Page 13 - Budget Newsletter November 2022
P. 13

Universal Credit (UC) claimants will be able to apply for a loan under the Support for

               Mortgage Interest provisions after three months, rather than the current nine. The zero
               earnings rule will also be abolished, allowing UC claimants in work to continue receiving
               support. These changes will take effect in Spring 2023.






                Planning point
                The increase in state pensions is welcome, particularly after last year’s decision to ignore

                the Triple Lock in favour of a 3.1% increase (in line with CPI inflation to September 2021).
                Nevertheless, the state pension alone remains too low to provide a comfortable

                retirement. In 2021 the Pensions and Lifetime Saving Association (PLSA) calculated that to
                achieve a ‘moderate living standard’ in retirement would require the yearly levels of net
                income set out below:


                                                     Single person                     Couple


                   UK excluding London                   £20,800                       £30,600


                          London                         £24,500                       £36,200




                The PLSA should be updating their figures soon, but as an approximation, you could now

                add about 16% to the above numbers - inflation over the last two years to October 2022.

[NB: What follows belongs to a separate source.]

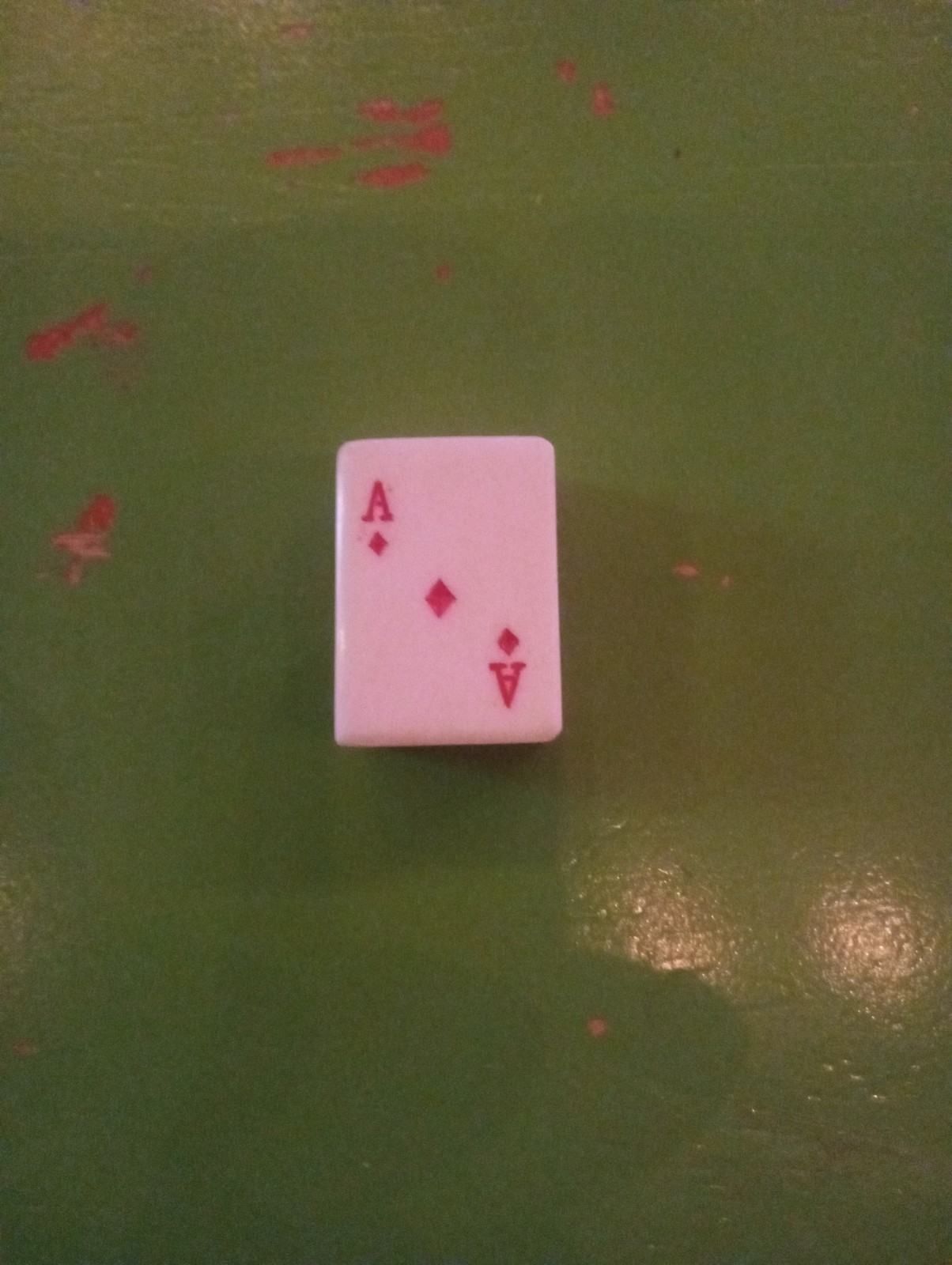 Mahjong Like Ace Of Diamonds Playing Card Tile Bone Bamboo Free Shipping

               Social Care Funding in England

               In 2022, the Health and Care Act introduced a framework for the funding of social care
               with the following key features:

                   •  The upper capital limit above which an individual is responsible for all their care

                       costs would rise from £23,250 to £100,000.
                   •  The lower capital limit at which all costs are met by the state would also rise, from
                       £14,250 to £20,000.
                   •  For those with capital between the two limits, ‘tariff income’ would apply as
                       currently, i.e. a contribution of £1 per week for each £250 of capital.